An indictment made public in the U.S. District Court in Tampa Friday accuses Stewart of two counts of tax evasion and two counts of filing a false tax return.
Stewart failed to pay $1.7-million in income taxes for 1997 and $2.3-million for 1998, the indictment states. He earned $12.1-million in taxable income in those two years, but he declared $910,044, according to court documents.
The maximum sentence on the tax evasion charges is five years in prison for each count and three years for filing a false tax return.
Stewart's lawyer, Anthony LaSpada, said Friday that Stewart will fight the charges "all the way to the end."
LaSpada said Stewart simply followed the advice of an accountant who set up a web of offshore trust accounts that concealed his income from the Internal Revenue Service. Stewart was told the system was legitimate and has since hired new financial advisers, LaSpada said.
"Mr. Stewart relied on the advice of his certified public accountant," LaSpada said. "We will be able to show that."
Stewart's case is part of a nationwide crackdown on abusive and fraudulent offshore trusts, a push that began in the late 1990s. Those trusts, and related offshore financial maneuvers, account for one of the largest losses of tax revenue each year, experts say.
It's not illegal for Americans to move money into offshore accounts, but anyone who opens one must report it to the IRS. And investment income earned from the assets in the trust -- stocks, bonds, real estate, etc. -- must be reported because it is taxable.
Shifting untaxed income into a tax haven without declaring it to the IRS is tax evasion.
The St. Petersburg Times first reported Stewart's troubles in February. At the time, Safety Harbor business owner William Tiner had just been convicted of using fraudulent trusts to evade about $900,000 in taxes.
Tiner said he was looking to set up his retirement from his company, WLT Software of Florida. A friend introduced him to Michael Maricle, a certified public accountant in Clearwater who pitched a trust system run by Aegis, a Chicago company.
Tiner bought into the system in 1996, using domestic and charitable trusts to shield his assets from the IRS. In 1998, Tiner bought Aegis' foreign trust system, which helped him set up bank accounts in Antigua in the names of new foreign companies to further conceal his income, according to court documents. He used a credit card to access his money.
The government claimed Tiner moved income from his software company into several trusts, which then reported the money as "management fees" instead of income.

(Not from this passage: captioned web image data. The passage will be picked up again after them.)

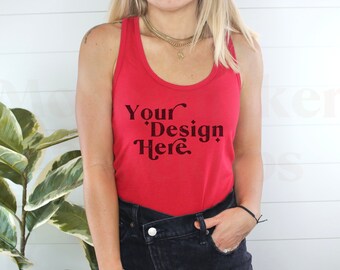 Puede incluir: Un top rojo de tirantes con el texto "Your Design Here" en negro. El top lo lleva una persona con el pelo largo y rubio.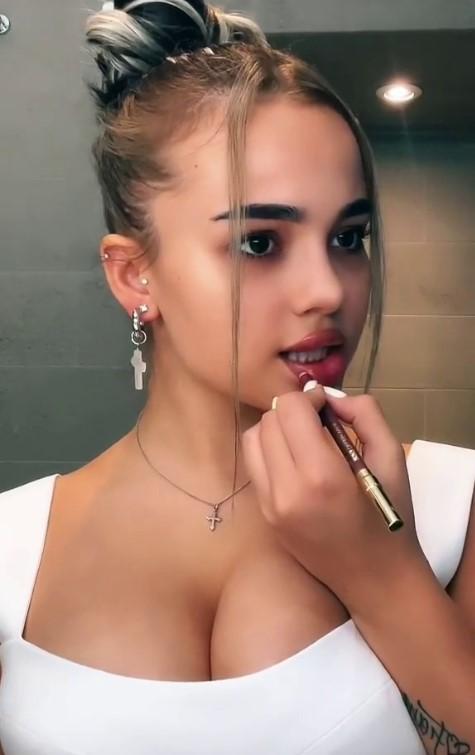 Звезда Тик Ток Валя Карнавал делала откровенные селфи, для своих личных целей. Звезда Тик Ток Валя Карнавал делала откровенные селфи, для своих личных целей.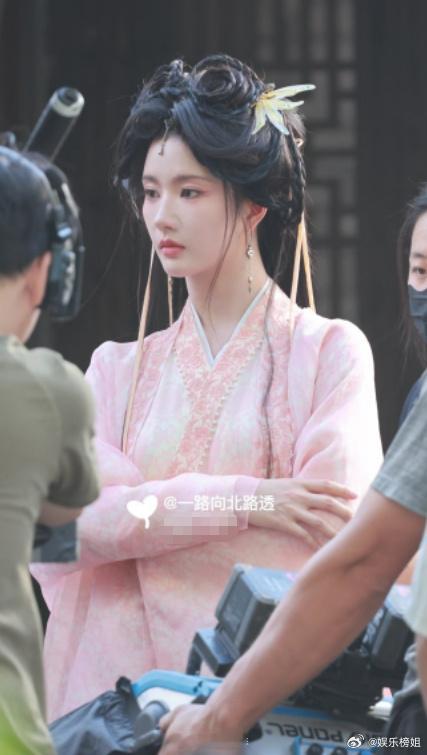 刘些宁小四的剧里面的造型天呐，怎么会有这么假的头套？​​​
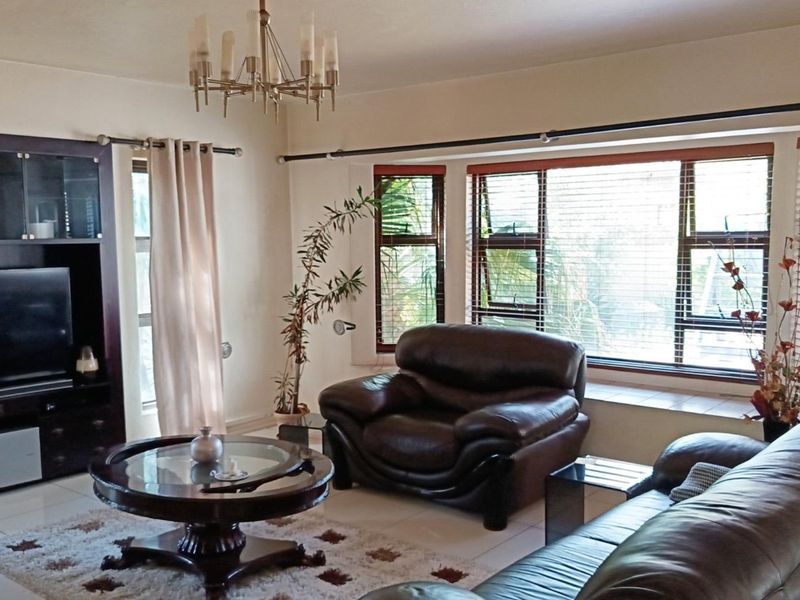 3 Bedroom House for Sale in Glen Erasmia - Photo 4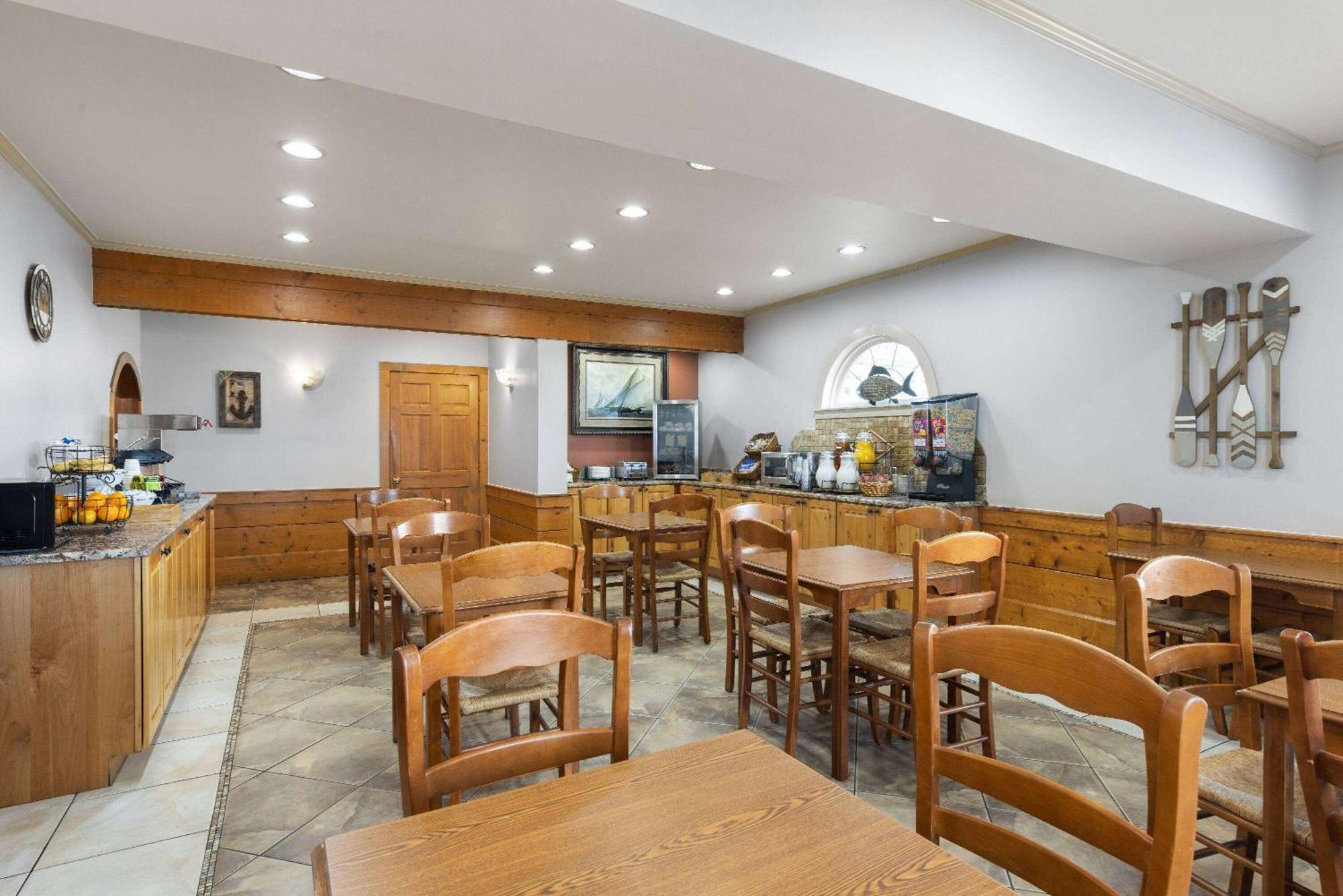Days Inn By Wyndham Kill Devil Hills Oceanfront - Wilbur Εξωτερικό φωτογραφία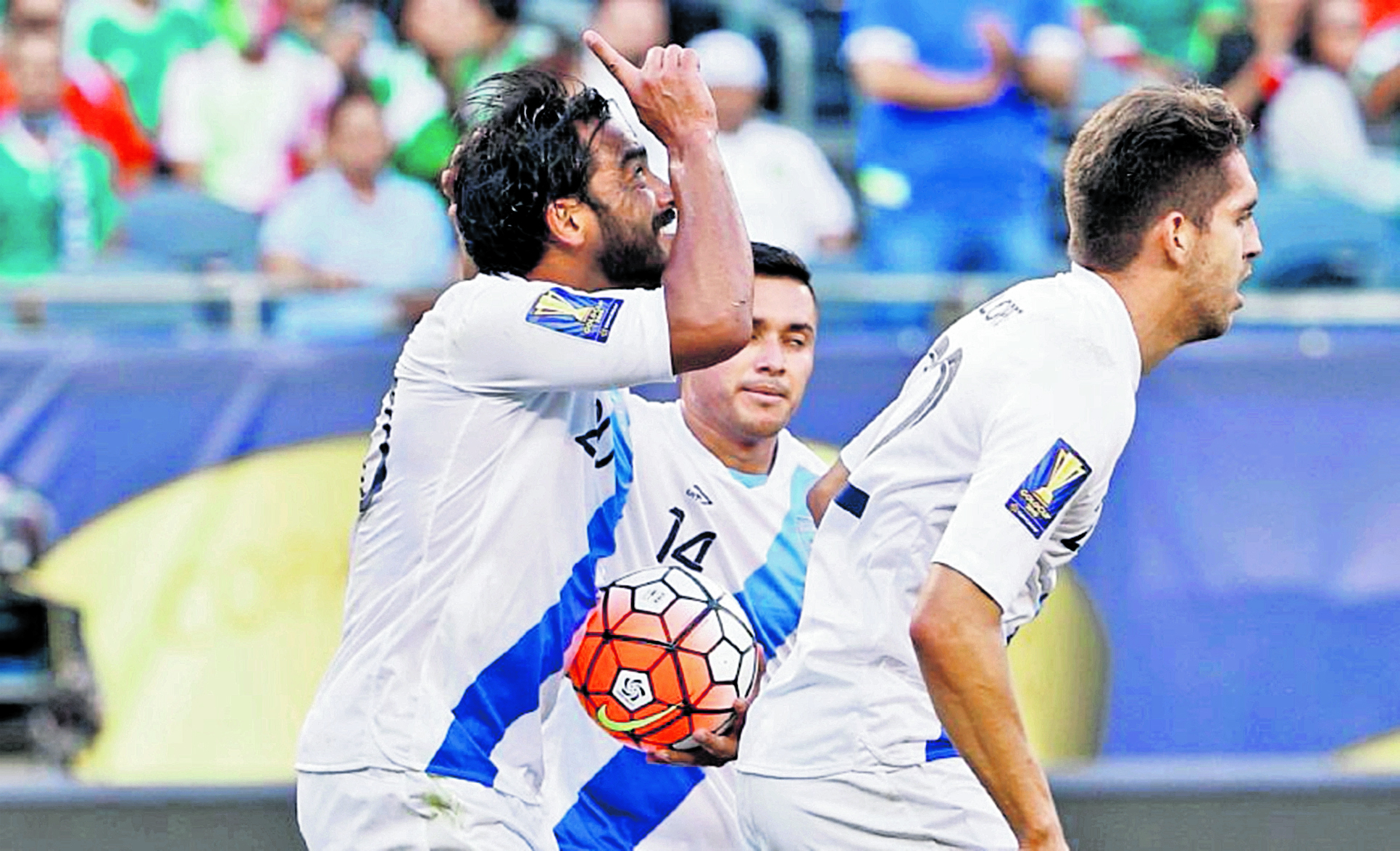 Carlos Ruiz celebra un gol ante Trinidad y Tobago el 9 de julio de 2015.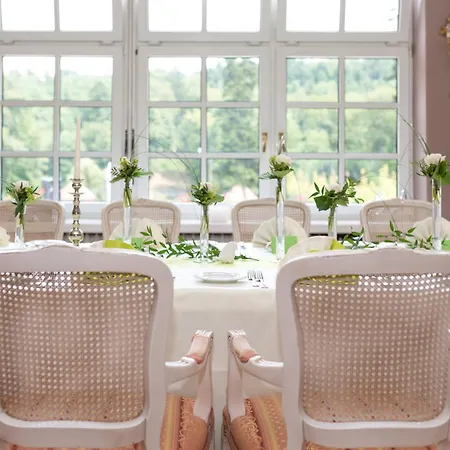 Otel Romantik Landschloss Fasanerie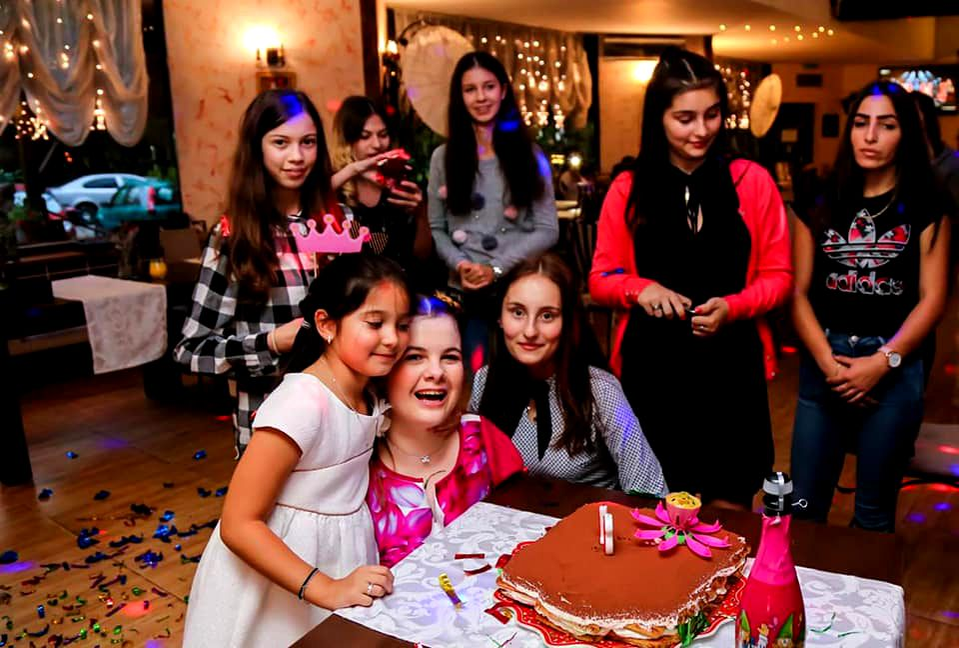 Lorelai Moșneguțu, fata fără mâini care a câștigat ”Românii au talent”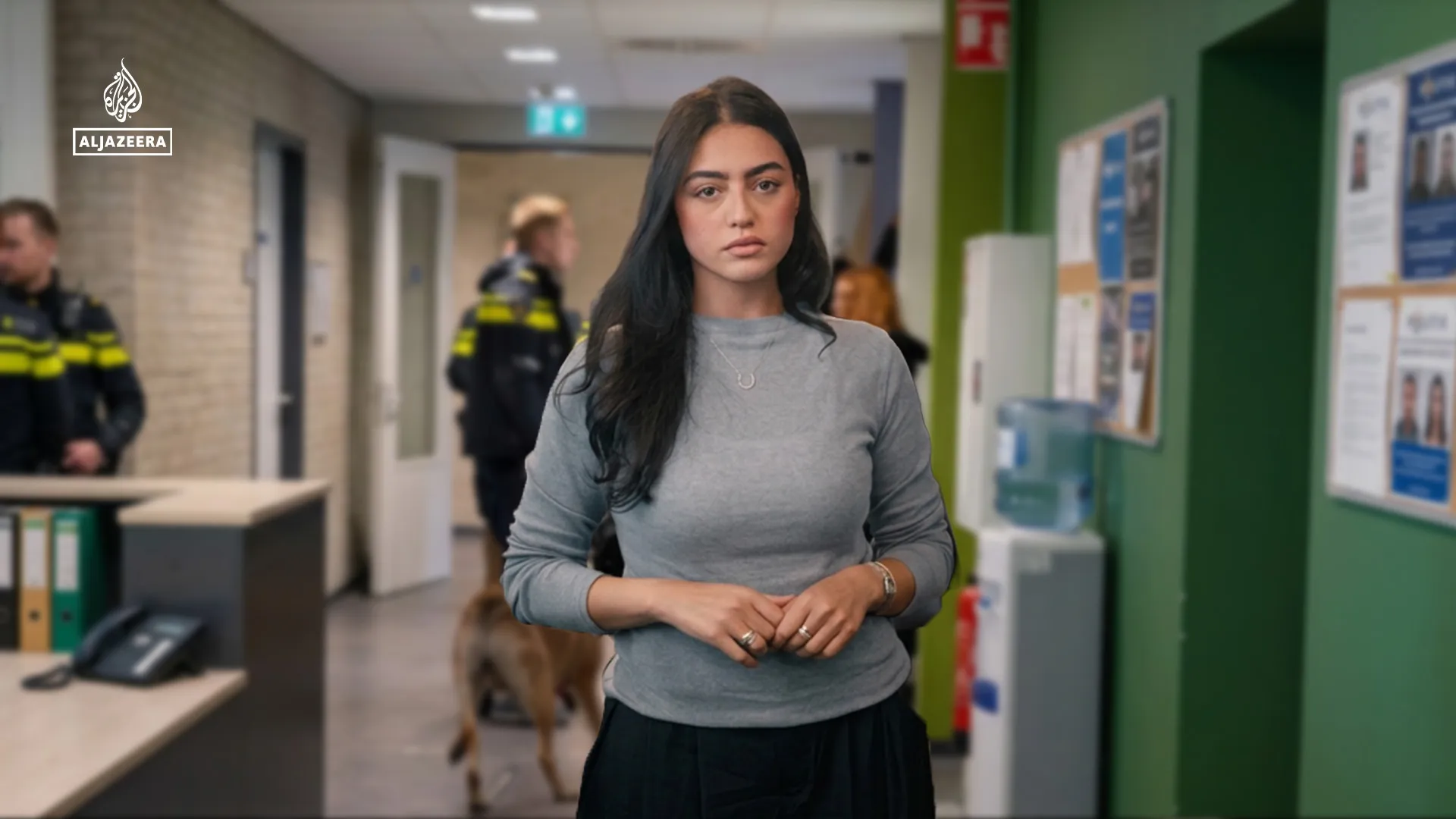 Femeie însărcinată, aruncată la pământ de poliția olandeză la un centru de azil: Mărturia cutremurătoare oferită Al Jazeera
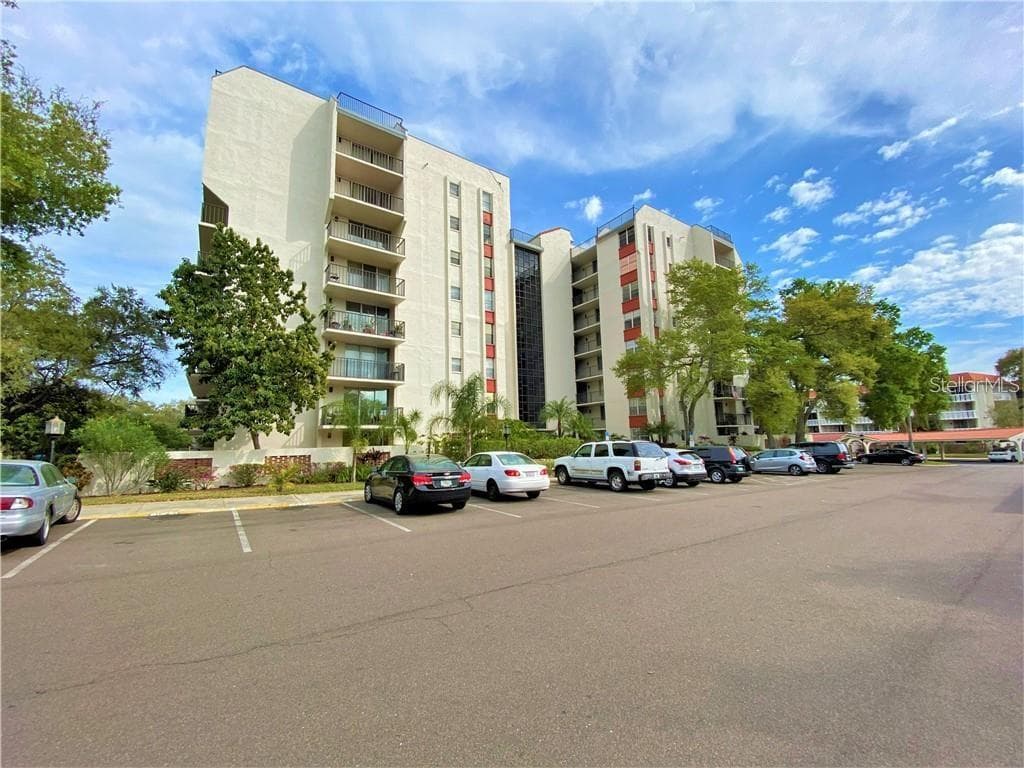 2699 SEVILLE BOULEVARD UNIT 701
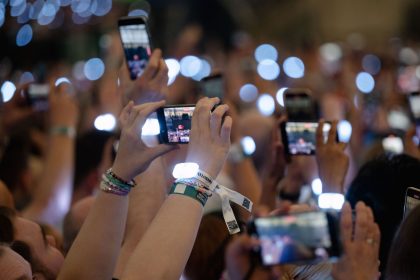 Handy aus – Musik an: Warum manche Künstler auf Verbote setzen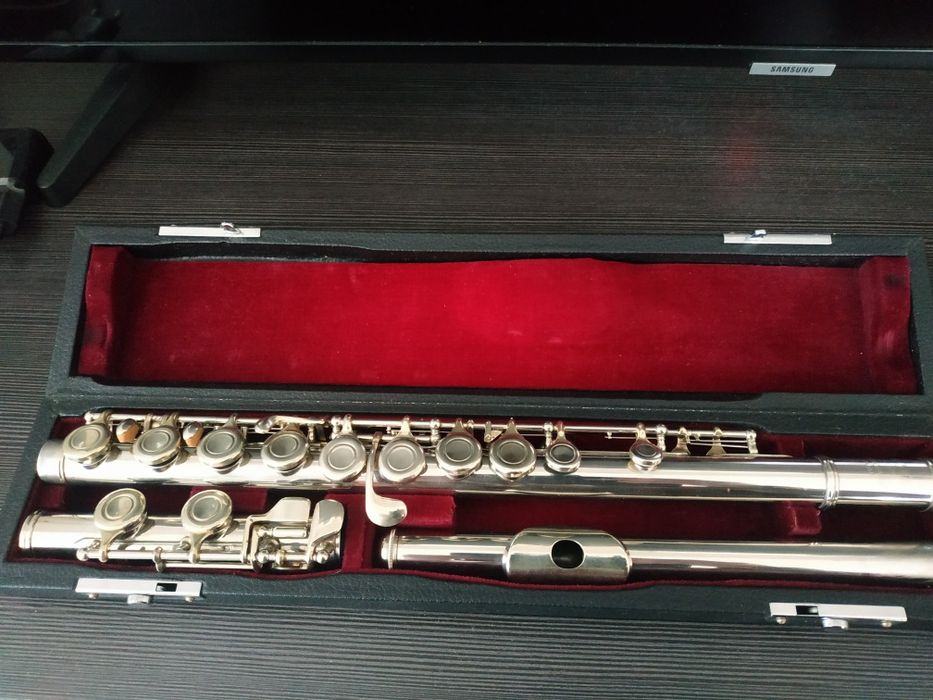 Флейта Altes ( Японія)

After working out a plea deal, Maricle testified against Tiner. During his testimony, Maricle detailed how another client of his, L.D. Stewart, used the same tax system. Maricle's written plea agreement said he prepared numerous tax returns for Stewart in "order to accomplish the unlawful tax consequences of the scheme."
Tiner was sentenced in May to five years in prison. Maricle received 30 months, though his sentence could be shortened because of his continued cooperation with prosecutors. And in a related case, Pinellas County investment adviser Howard Lee McCauley agreed to plead guilty to one count of tax evasion this month.
Stewart and five other men opened the first Hooters in Clearwater in 1983. The chain boasts about 356 restaurants in 12 countries and 44 states. Hooters of America is a private company and doesn't divulge earnings. In 2002, Nation's Restaurant News estimated Hooters had $560-million in food sales.
The founders sold franchise and licensing rights to Atlanta-based Hooters of America years ago but kept about 20 restaurants in Florida, Chicago and Manhattan.
In January, Stewart, the onetime majority owner of the chain, sued Hooters of America claiming the company breached a 1995 agreement to pay him a percentage of annual gross sales.